Sunday, March 31, 2013

Closing Time, and Hardly Anyone Sleeping


Last night was our first night of dinner and an activity since we had added a new puppy to our family several weeks ago. We left the puppy in the able care of a young man willing to puppy sit. 

So we went to see Leonard Cohen at the Louisville Palace. He shook it like a Cajun Queen, to borrow a phrase from Gillian Welch, as Cohen performed numerous old songs as well as many from his new album, "Old Ideas". Twenty-nine in all. 

Cohen came on stage a few minutes after 8 PM, apologizing for the delay and explaining a long-time band member, Roscoe Beck, had been rushed to the hospital.

Cohen remarked anyone could be next to drop. But Cohen added, while they were on stage they would give us their all. And they did.

I've heard it said one of the best clinical tests to determine whether an elderly person is frail and will die soon is to have them sit on the floor and then get up. Assuming they can sit on the floor and then get up, the doctor is supposed to watch how they maneuver to stand up. 

These days, a couple decades younger than Cohen, with a recent bout of bursitis in my hip, I’m having trouble getting up after sitting on the floor with our new puppy.

Leonard Cohen, on the other hand, while he didn’t sit on the floor during his three hour concert, with one short intermission, nevertheless demonstrated at 78 years of age he still can maneuver with ease and grace. 

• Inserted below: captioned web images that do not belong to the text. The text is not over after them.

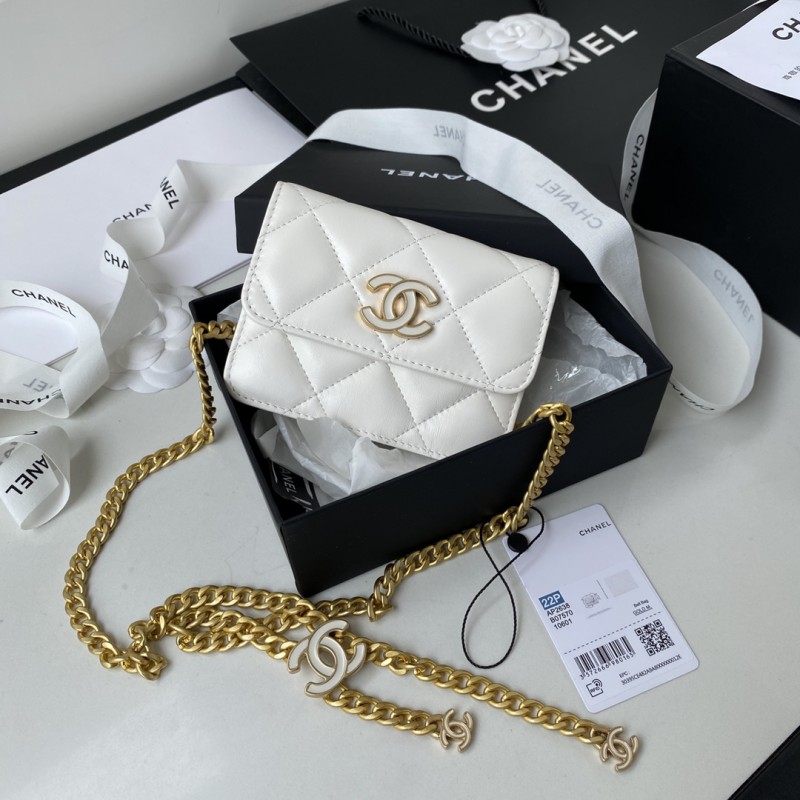 Handbag Chanel AP2638 size 12.5 cm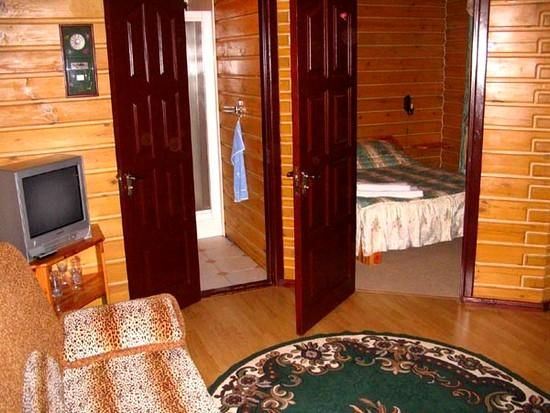 ОМЕГА-КЛУБ, отель - 16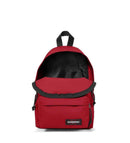 Padded Day Pak'R  SCARLET RED School Bag Padded Day Pak'R  SCARLET RED Padded Day Pak'R  SCARLET RED Eastpak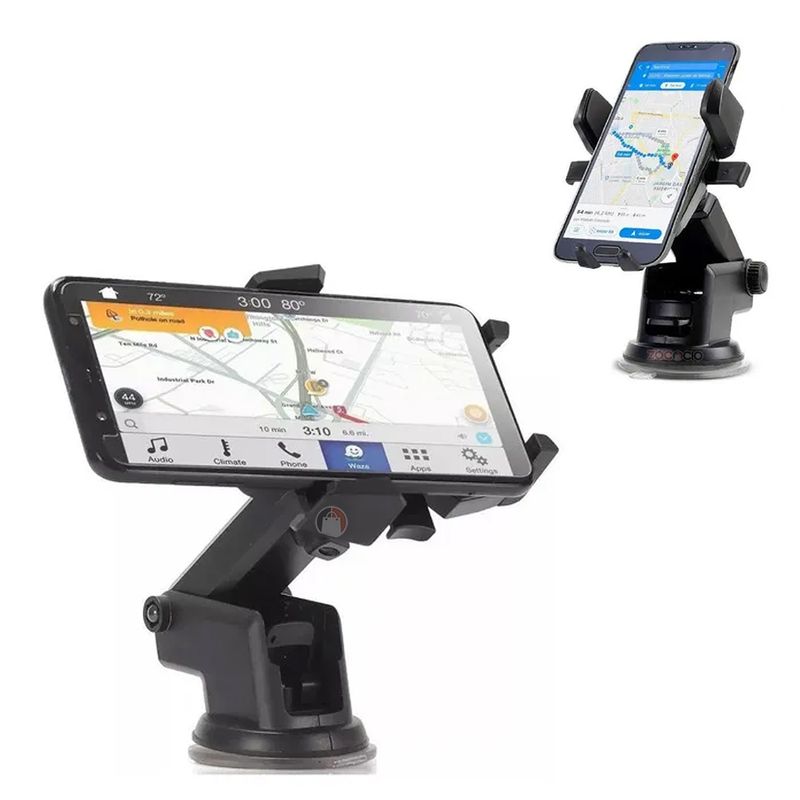 ZOCOCIO - Soporte Universal Holder Para Celular En Carro Automatico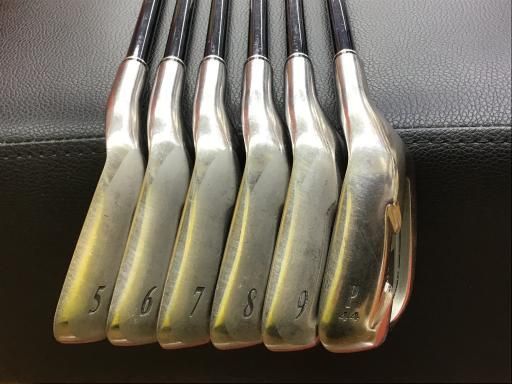 ダンロップ XXIO 2008 6S アイアンセット IR XXIO MP500 IRON フレックスR メンズ 男性用 右利き 右用 Cランク ゴルフクラブ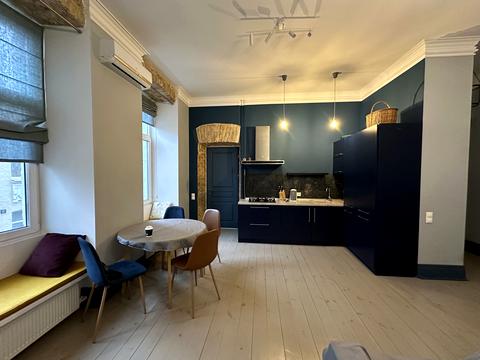 квартира по адресу Антоновича ул. (Горького), 59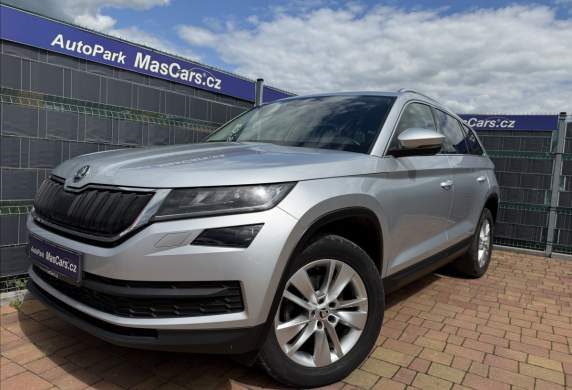 Škoda - Kodiaq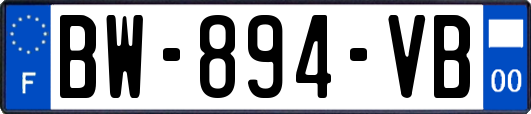 BW-894-VB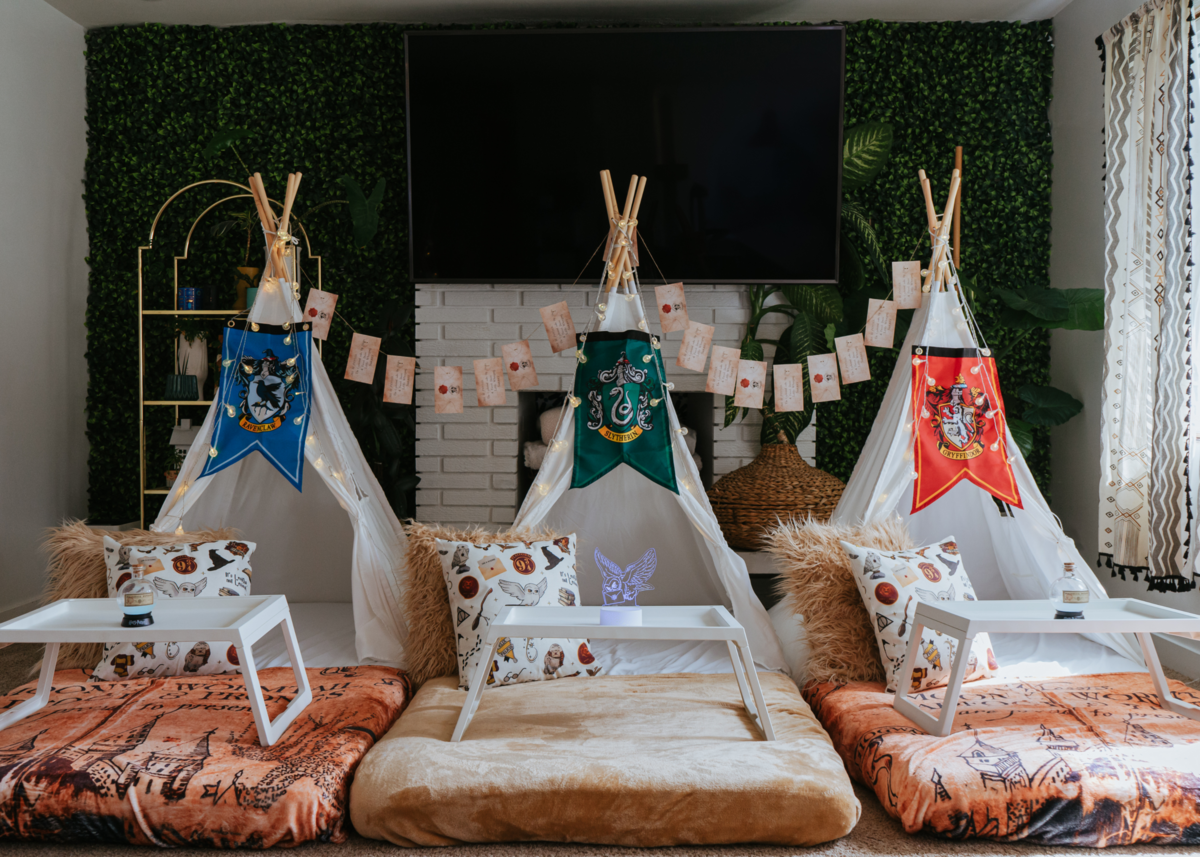Harry Potter Ron Weasley Birthday Party 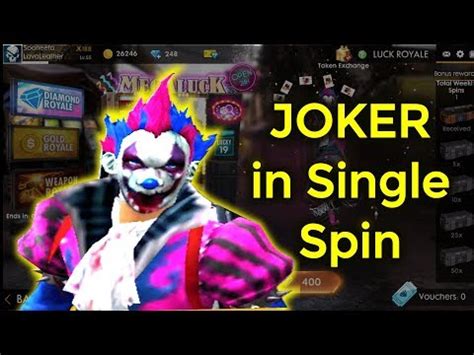 Top criminal bundle again free fire gama upcoming bundle new gun skin latest news, update more updates upcoming. Free Fire Joker - Free HD Wallpaper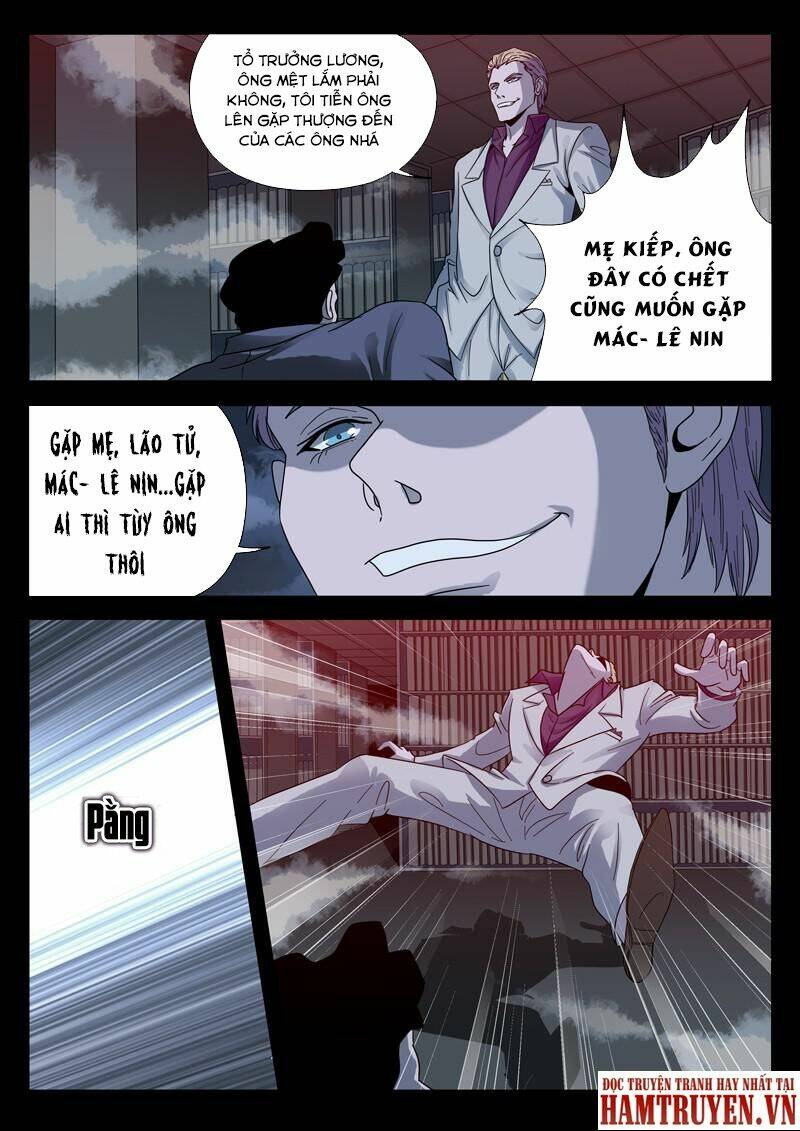 Huyết Ma Nhân Chapter 95 - Trang 2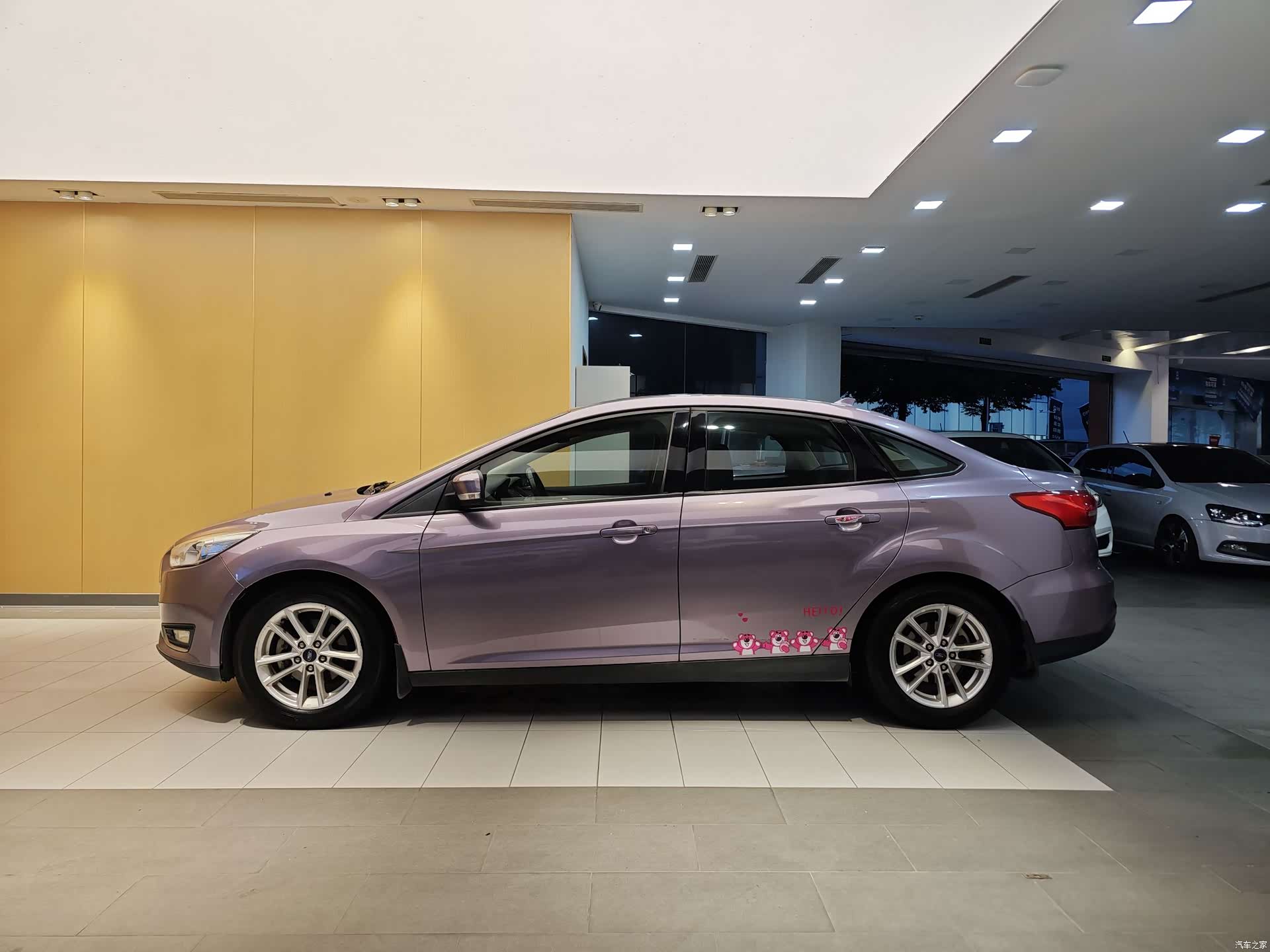 Ford Focus, 2016 6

Cohen was on his knees, bending, dancing, squatting, and shaking it, as he whispered, belted, crooned and sang his hymns. Some apparently inspired by God ( such as "Hallelujah" and "Going Home", and some perhaps from another supernatural realm ("Closing Time").

On the latter song, Cohen demonstrated his true devotion to the realm of music as god. When Cohen muffed a line in "Closing Time":
and my very sweet companion she's the angel of compassion'
he went back to the beginning, not once but twice, and started the song again until he got it perfectly. Gently apologizing to the audience for keeping us up late on a Saturday night; sort of the point of going to a Cohen concert is to stay up at least until "Closing Time". 

But then he treated us to a second encore of four more songs, finishing with "Save the Last Dance" and the ironic final song, "I Tried to Leave You."

Cohen and his fabulous musical troupe, including the “sublime Webb sisters”: Hattie and Charlie, and Sharon Robinson on vocals; the wonderful violinist, Alexandru Buvlitchi; Rafael Gayol on percussion; Neil Larson on the Hammond organ; Javier Mas on guitar; and Mitch Watkins who filled in for Roscoe on bass, gave us all they had.

Even if by sheer chronological age Cohen could be considered elderly, he demonstrated the staying power that predicts he's going to be giving us his all until he passes the century mark. Let's hope the same is true for the rest of the outstanding musicians and vocalists who perform with him.

At one point our dog sitter texted us a photo of our puppy, sleeping after an exhausting game of fetch. He was the only one sleeping last night.